=== Work instructions ===
For the records below, print the lines from the line with "Schlafsofa Alport Webstoff Espresso" through the line with "dog and cat" exactly as written; include both end lines and exclude the rest.

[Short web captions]
╔══
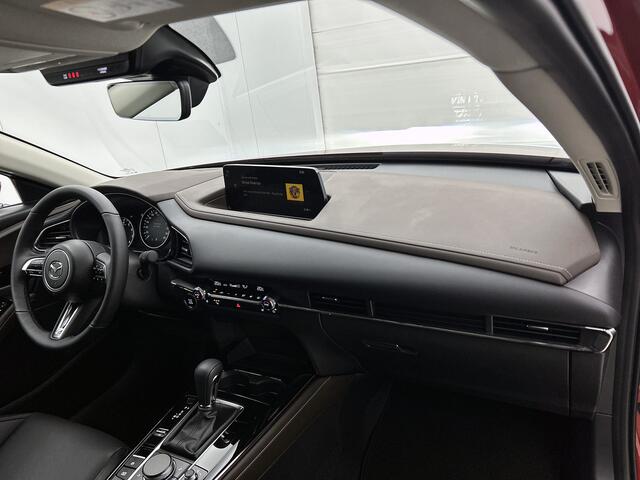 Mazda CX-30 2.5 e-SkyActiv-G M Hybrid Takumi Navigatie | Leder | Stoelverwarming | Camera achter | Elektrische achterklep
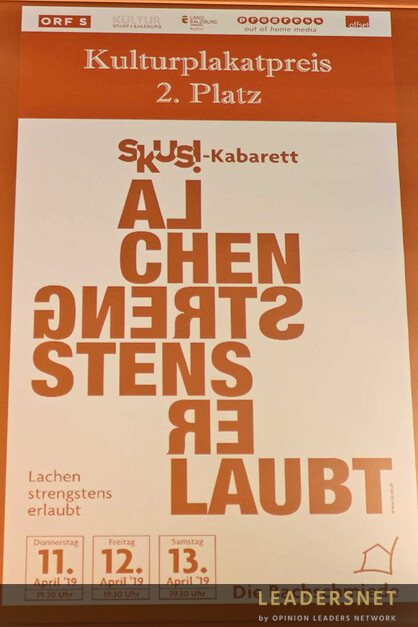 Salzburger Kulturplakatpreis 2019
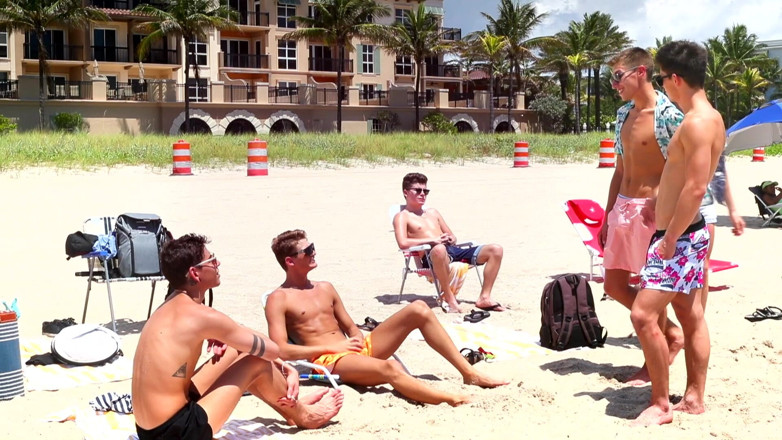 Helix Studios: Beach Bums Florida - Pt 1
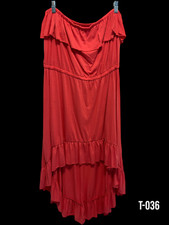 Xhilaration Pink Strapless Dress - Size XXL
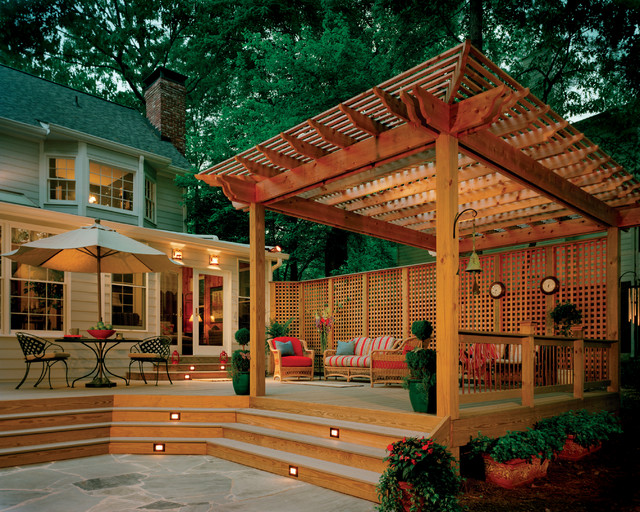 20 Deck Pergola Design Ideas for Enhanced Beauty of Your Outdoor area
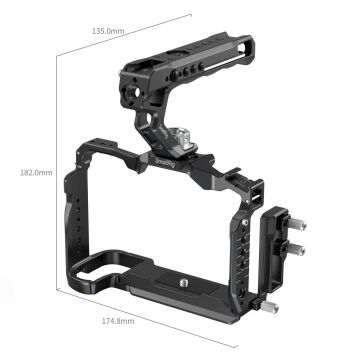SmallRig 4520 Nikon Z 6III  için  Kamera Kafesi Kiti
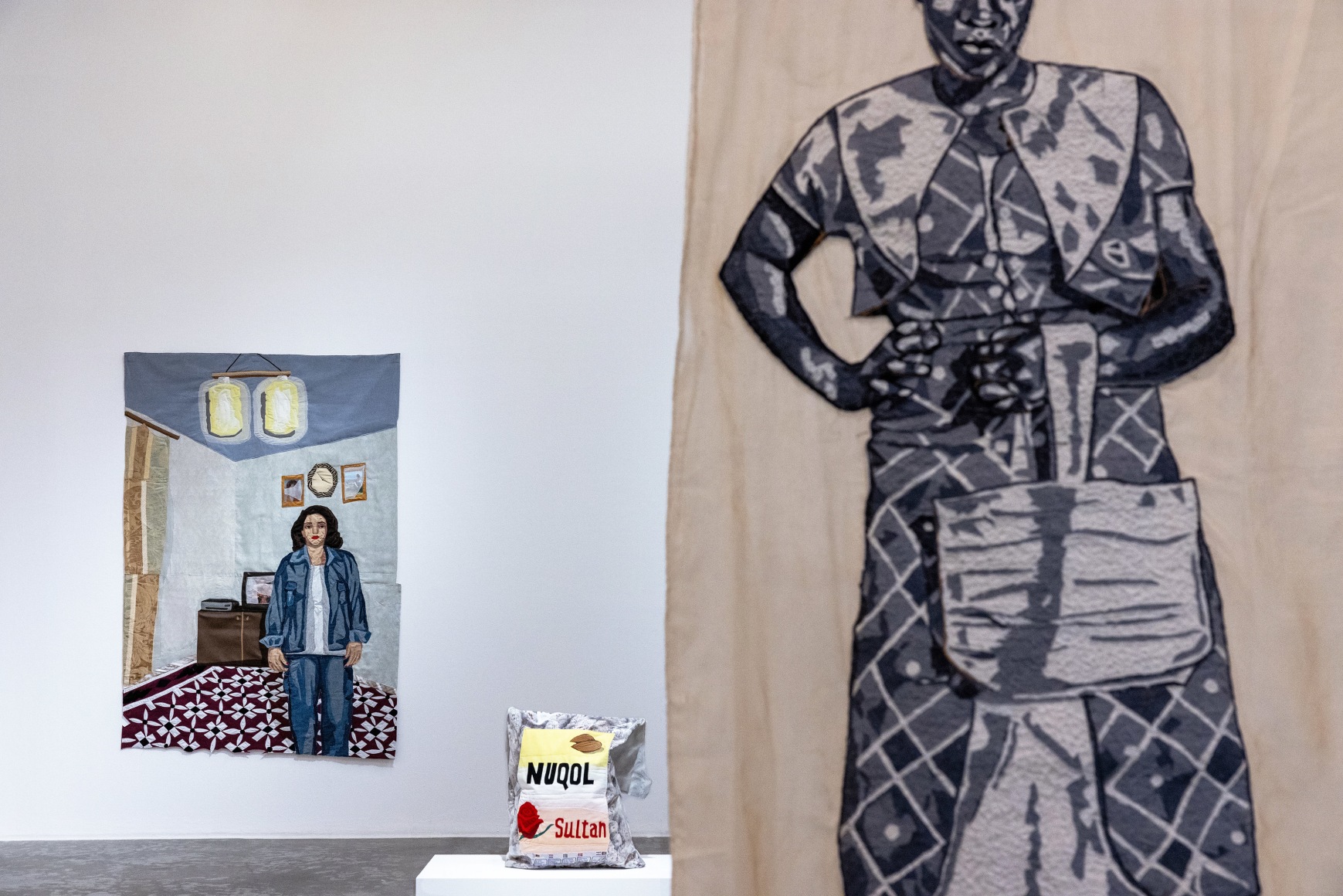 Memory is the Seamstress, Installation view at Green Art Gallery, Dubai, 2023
╚══
╔══
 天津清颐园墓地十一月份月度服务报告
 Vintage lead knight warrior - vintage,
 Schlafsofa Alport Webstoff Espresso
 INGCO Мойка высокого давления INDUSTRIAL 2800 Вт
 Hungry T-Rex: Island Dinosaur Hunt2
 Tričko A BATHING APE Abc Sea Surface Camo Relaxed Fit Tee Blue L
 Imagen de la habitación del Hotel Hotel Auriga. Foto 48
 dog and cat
╚══
=== The answer ===
 Schlafsofa Alport Webstoff Espresso
 INGCO Мойка высокого давления INDUSTRIAL 2800 Вт
 Hungry T-Rex: Island Dinosaur Hunt2
 Tričko A BATHING APE Abc Sea Surface Camo Relaxed Fit Tee Blue L
 Imagen de la habitación del Hotel Hotel Auriga. Foto 48
 dog and cat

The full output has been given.